Read Luke 3:1-20
“John answered them all, ‘I baptise you with water. But one more powerful than I will come, the thongs of whose sandals I am not worthy to untie. He will baptise you with the Holy Spirit and with fire”
John the Baptist was the last prophet of the Old Testament. The people were flocking to be baptised by him as a sign that they were responding to the call to renew their faith in God and to repent from the sin which separated them from Him. Yet this symbolic act of being immersed in the waters of the River Jordan was only a preparation. When the Lord Jesus came, He would ‘immerse us’ in the very life of the Trinity. How? Through his Death and Resurrection, the way was opened for the Lord to dwell within our hearts again. This is the essence of the Good News: “And hope does not disappoint us, because God has poured out his love into our hearts by the Holy Spirit, whom he has given us. You see, at just the right time, when we were still powerless, Christ died for the ungodly” (Rom. 5:5-6). In our pilgrimage you will be able to renew your baptismal vows at the River Jordan, the same river where John baptised Jesus.
In Greek the word ‘baptizo’ means ‘to be dipped’ or ‘brought under the influence of.’ It was commonly used to describe the action of dipping a piece of cloth into a dye and changing its colour. In the same way, when we were baptised we were ‘dipped’ in the Holy Spirit and brought under His influence. We need to make sure we remain docile to Him who dwells within us.
Stop and think about the fact that through your baptism the Holy Spirit actually dwells in you.
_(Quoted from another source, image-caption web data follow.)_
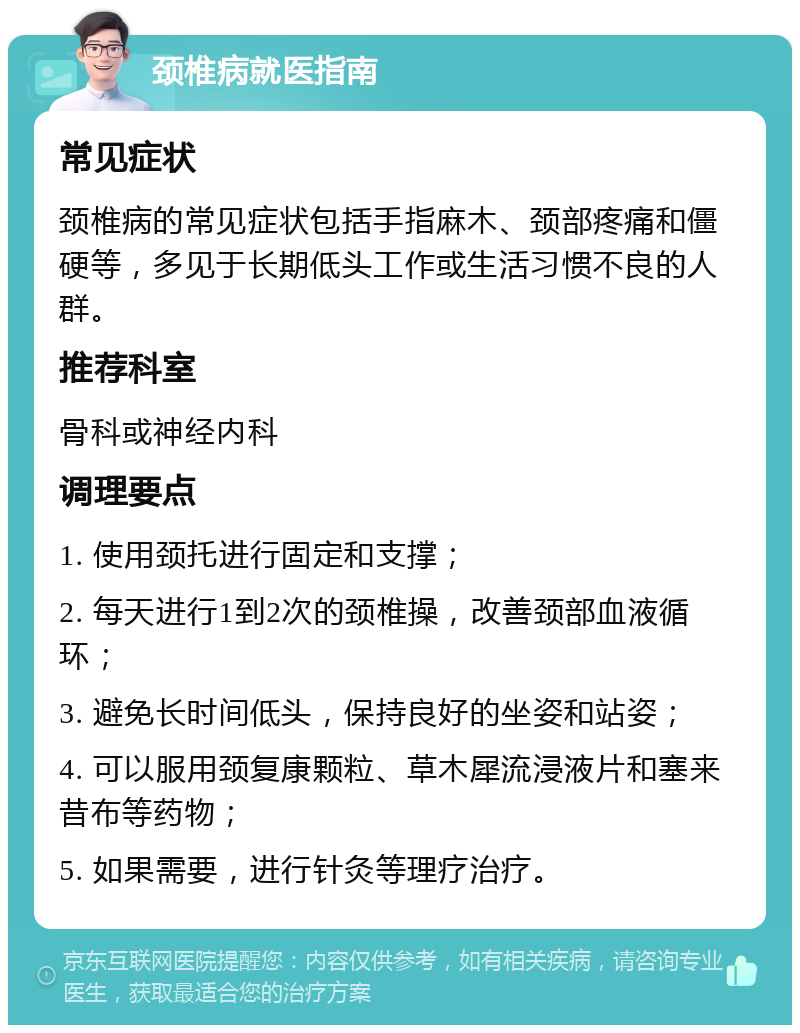 颈椎病就医指南 常见症状 颈椎病的常见症状包括手指麻木、颈部疼痛和僵硬等，多见于长期低头工作或生活习惯不良的人群。 推荐科室 骨科或神经内科 调理要点 1. 使用颈托进行固定和支撑； 2. 每天进行1到2次的颈椎操，改善颈部血液循环； 3. 避免长时间低头，保持良好的坐姿和站姿； 4. 可以服用颈复康颗粒、草木犀流浸液片和塞来昔布等药物； 5. 如果需要，进行针灸等理疗治疗。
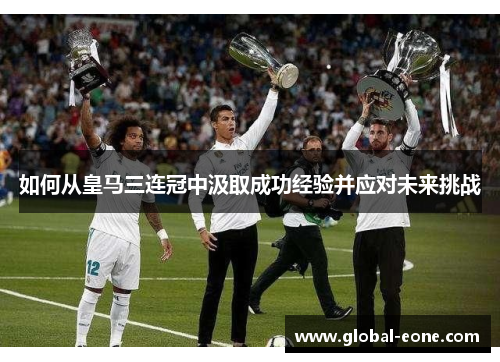 如何从皇马三连冠中汲取成功经验并应对未来挑战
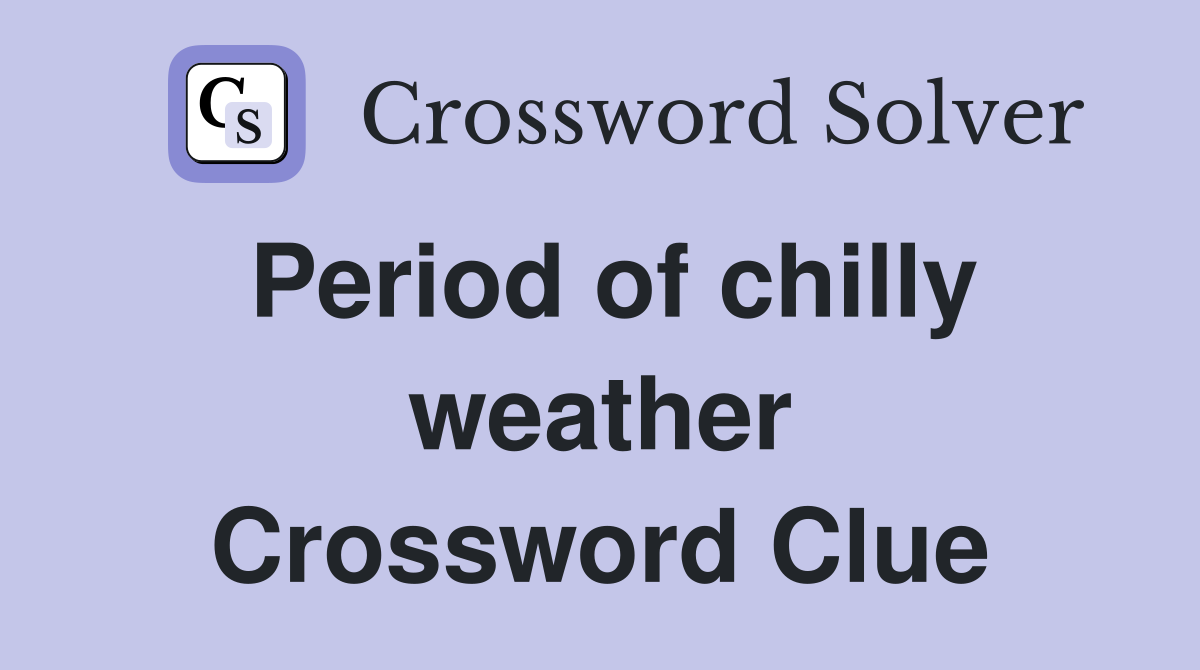 Period of chilly weather Crossword Clue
“Late have I loved you, O Beauty ever ancient, ever new, late have I loved you! You were within me, but I was outside, and it was there that I searched for you. In my unloveliness I plunged into the lovely things which you created. You were with me, but I was not with you. Created things kept me from you; yet if they had not been in you they would have not been at all. You called, you shouted, and you broke through my deafness. You flashed, you shone, and you dispelled my blindness. You breathed your fragrance on me; I drew in breath and now I pant for you. I have tasted you, now I hunger and thirst for more. You touched me, and I burned for your peace” (St Augustine).